Keywords

These keywords were added by machine and not by the authors. This process is experimental and the keywords may be updated as the learning algorithm improves.

1 Introduction

Dictionary learning and sparse representation (DLSR) is one of the most successful mathematical models, which has led to state-of-the-art results in various applications such as face recognition [13], image denoising [4], texture classification [5], and emotion recognition [6]. DLSR, however, was originally proposed in an unsupervised setting [7]. The main objective function in the optimization problem related to DLSR is to minimize the reconstruction error between the original signal and the reconstructed one in the space of learned dictionary without including the information on class labels into the learning process. To formally describe the original DLSR formulation, we suppose that there is a finite set of data samples denoted as \(\mathbf {X}=[\mathbf {x}_1,...,\mathbf {x}_n]\in \mathbb {R}^{d\times n}\), where d is the dimensionality of the data and n is the number of data samples. In original DLSR, the data is decomposed using a few dictionary atoms by optimizing the empirical cost function

$$\begin{aligned} L(\mathbf {X},\mathbf {D},\varvec{\alpha })=\sum _{i=1}^{n}l(\mathbf {x}_i,\mathbf {D},\varvec{\alpha }), \end{aligned}$$
(1)

where \(\mathbf {D}\in \mathbb {R}^{d\times k}\) is a dictionary of k atoms, \(\varvec{\alpha }\in \mathbb {R}^{k\times n}\) are the sparse coefficients and Ll are loss functions. In the literature of the DLSR, the reconstruction error, in mean-squared sense, between the original signal and the reconstructed signal is the most common loss function, which is usually regularized by the \(\ell _1\) norm to induce sparsity into the coefficients. Thus, the formulation in (1) can be written as

$$\begin{aligned} L(\mathbf {X},\mathbf {D},\varvec{\alpha })=\min _{\mathbf {D},\varvec{\alpha }}\sum _{i=1}^{n}\begin{pmatrix}\frac{1}{2}\Vert \mathbf {x}_i-\mathbf {D}\varvec{\alpha }_i\Vert _{2 }^{2}+\lambda \Vert \varvec{\alpha }_i\Vert _{1}\end{pmatrix}\!, \end{aligned}$$
(2)

where \(\varvec{\alpha _i}\) is the ith column of \(\alpha \). In order to avoid arbitrarily large values for \(\mathbf {D}\) and consequently, arbitrarily small values for \(\alpha \), we need an additional constraint on the dictionary atoms to limit their \(\ell _2\) norm to be smaller than or equal to one. The complete optimization problem in (2) after adding this constraint is as follows:

$$\begin{aligned} \begin{aligned} L(\mathbf {X},\mathbf {D},\varvec{\alpha })=&\min _{\mathbf {D},\varvec{\alpha }}\ \sum _{i=1}^{n}\begin{pmatrix}\frac{1}{2}\Vert \mathbf {x}_i-\mathbf {D}\varvec{\alpha }_i\Vert _{2 }^{2}+\lambda \Vert \varvec{\alpha }_i\Vert _{1}\end{pmatrix}\!, \\&\text {s.t.} \ \ \ \Vert \mathbf {d}_j\Vert _2^2\le 1 \;\;\;\; \forall j=1,...,k. \end{aligned} \end{aligned}$$
(3)

The original DLSR formulation given in (3) is unsupervised as the category information has not been taken into consideration in the optimization problem. However, in a supervised learning paradigm, where the ultimate goal is the classification of the data, this setting may not lead to an optimal discriminative dictionary nor coefficients. A more recent attempt in the literature was to incorporate the class labels into the learning of the dictionary and/or coefficients (refer to [8] for a review). This modification resulted in a new category of DLSR, namely called supervised dictionary learning and sparse representation (S-DLSR). Improvements (some significant) over unsupervised DLSR have been reported in the literature for the classification tasks [3, 911].

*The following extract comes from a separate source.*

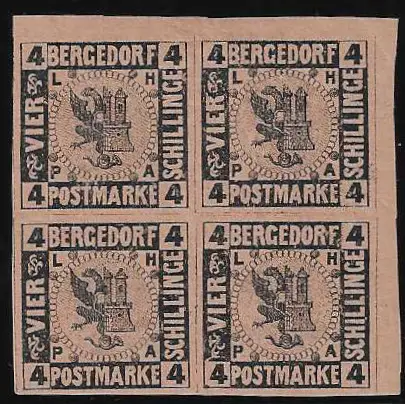 4 Sch. schw./braunorange im ungebrauchten Kabinett-Viererblock aus der rechten oberen Bogenecke, Mi. 140,-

Although S-DLSR benefits from the side information available from category information to learn a more discriminative dictionary, unfortunately, gathering labeled data is often very expensive and time consuming. Most data available is unlabeled and the sample size of the labeled data is often very small, which has a hindering effect on the discriminative quality of the learned dictionary. Semi-supervised learning (SSL) methods can potentially boost the performance of a machine learning system by utilizing both supervisory information and global data distribution. Using a large amount of unlabeled data, which is usually easily accessible, can improve revealing the manifold global distribution [12], and compensate for the small sample size of labeled data [13].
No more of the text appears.